That’s when it hit me. My 27th birthday will be here in just a couple days. A quick survey on Facebook revealed that many of the other women at work around my age received the same flier.
I don’t consider myself too much of a feminist, but this flier makes me mad. Since when does turning 27 mean that you have to be having a baby? I want a lot of the same things as other women in the long haul – a committed relationship, a financially stable job, homeownership, a kid of two. But those things seem to be coming my way very slowly. Some of it is the fault of my chosen career path – I have trouble breathing when I think about buying a house and getting locked into one location – but a lot of it is just the product of bad luck in relationships.
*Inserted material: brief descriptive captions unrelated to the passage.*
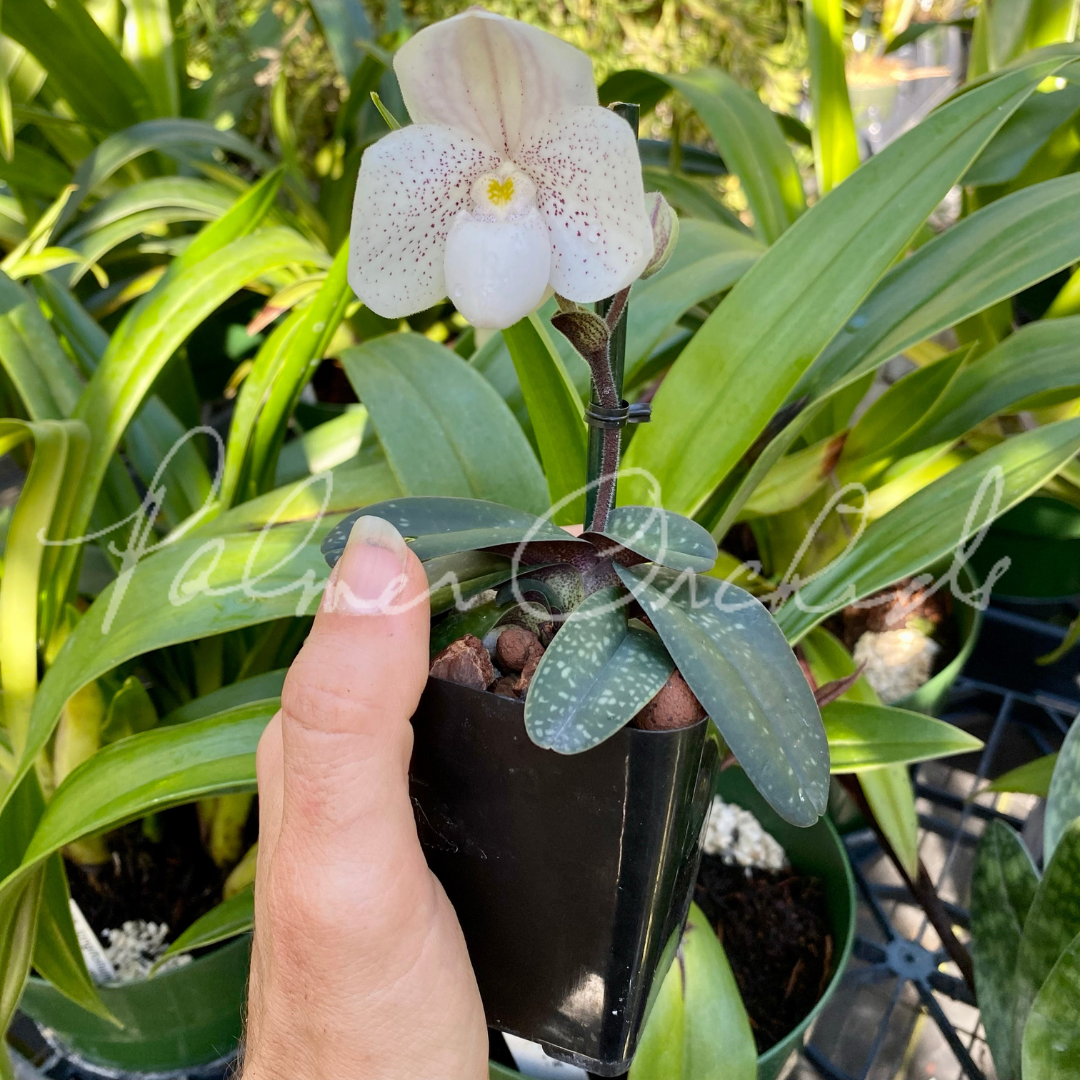 8EA2BE23-1CE9-4698-BEE5-CE6AC5F9371F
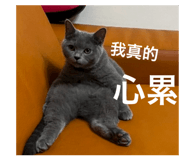743738650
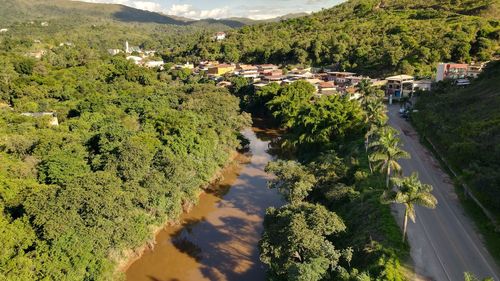 High angle view of trees on landscape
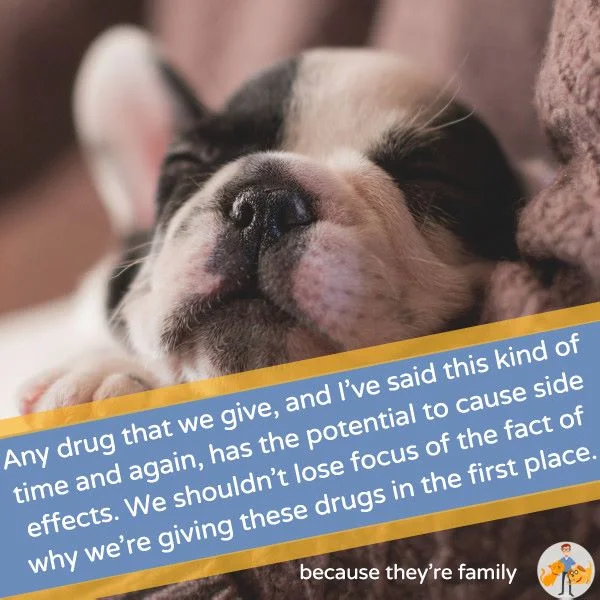 Bravecto for dogs sales safe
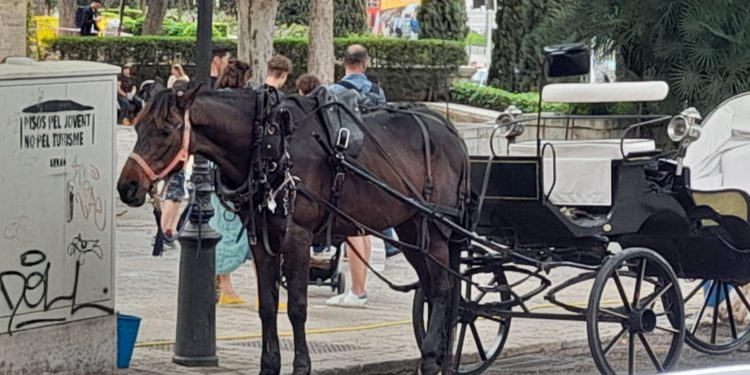 Calesa en una imagen de archivo de los ecologistas Progreso en Verde con otro animal maltratado
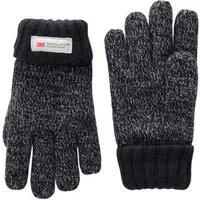 Next Strickhandschuhe Thinsulate® Strickhandschuhe (1-St)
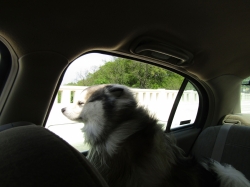 Filename=racoon16.jpg
Filesize=2495KiB
Dimensions=3000x2249
Date added=Oct 31, 2025 racoon16.jpg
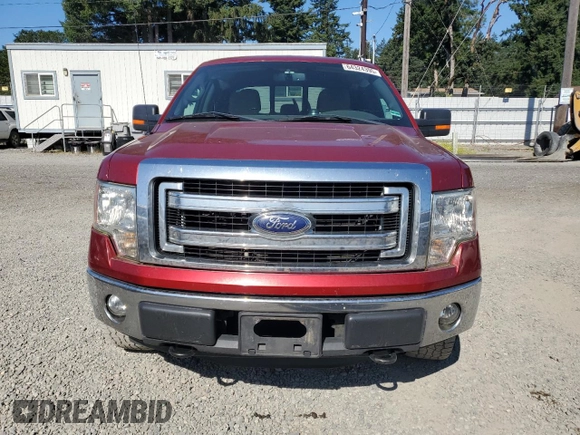 2013 Ford F-150 XL with VIN 1FTFW1EF1DFA75532, listed as a Copart auction lot 64324395 with 135,654 mi miles and Salvage title. Bid and sale history available at DreamBid. Image 5.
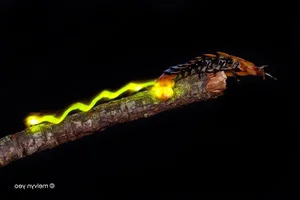 Fascinating Facts About Vietnam's Most Miraculous and Unique Insect Species - image 0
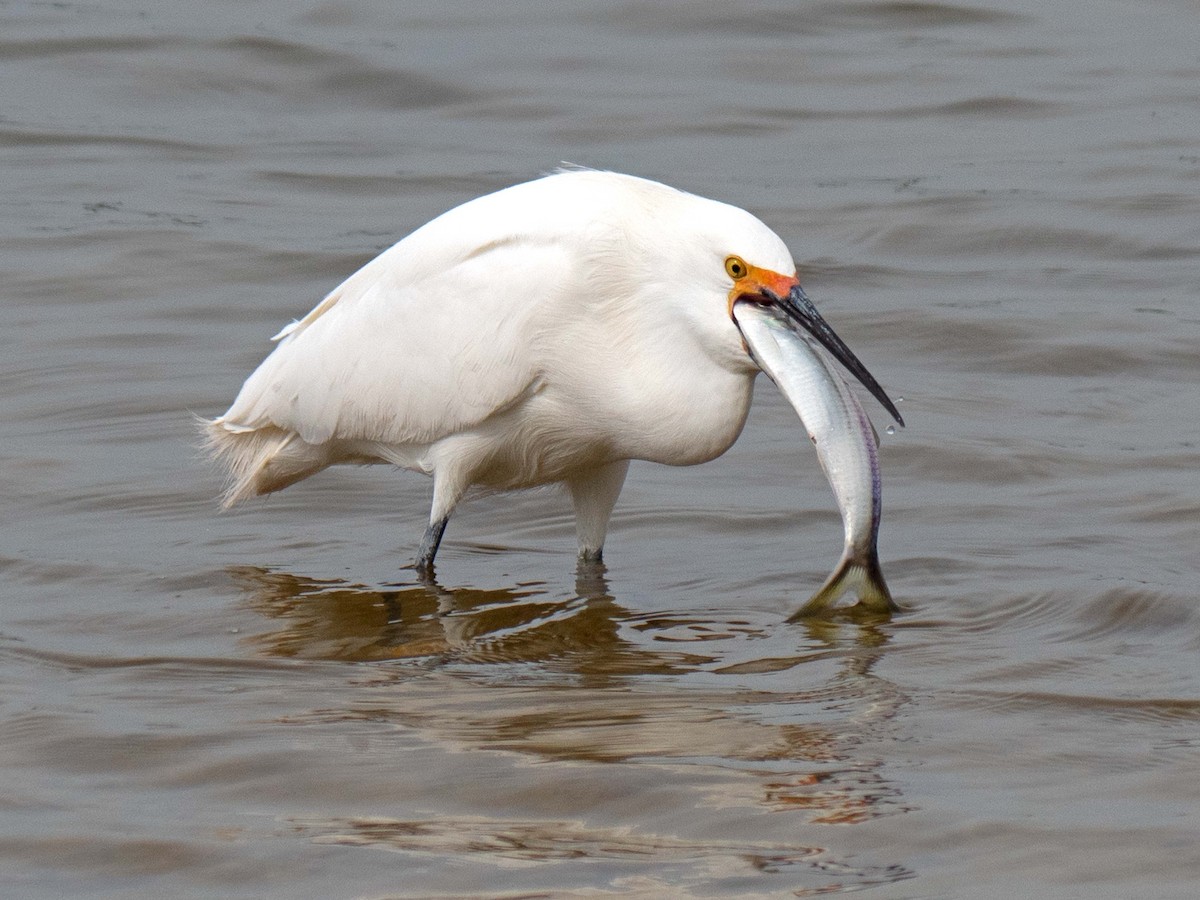 Snowy Egret - ML434898361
I really haven’t spent a lot of time worrying about it. I figure you can’t rush the things that matter. But this flier was messing with my head. All of a sudden all that misguided advice from my young mother friends was running through my head. “You don’t want to be OLD when your kid is graduating high school.” “Twenty-seven is almost 30!” “You can’t have babies after 30!”
Or was it 40?
I shook my head as I caught myself careening off track. “You’re letting them win,” I told myself calmly. “You’re not ready to have a baby. You still roll your eyes at crying children in restaurants. You can’t even commit to getting a puppy.”
No one else in the office seemed quite as incensed about the flier as I was. I guess they all threw it in the trash with all of their other junk mail. But I’m seriously considering sending it back to Anthem with a letter about how incredibly offensive I found it.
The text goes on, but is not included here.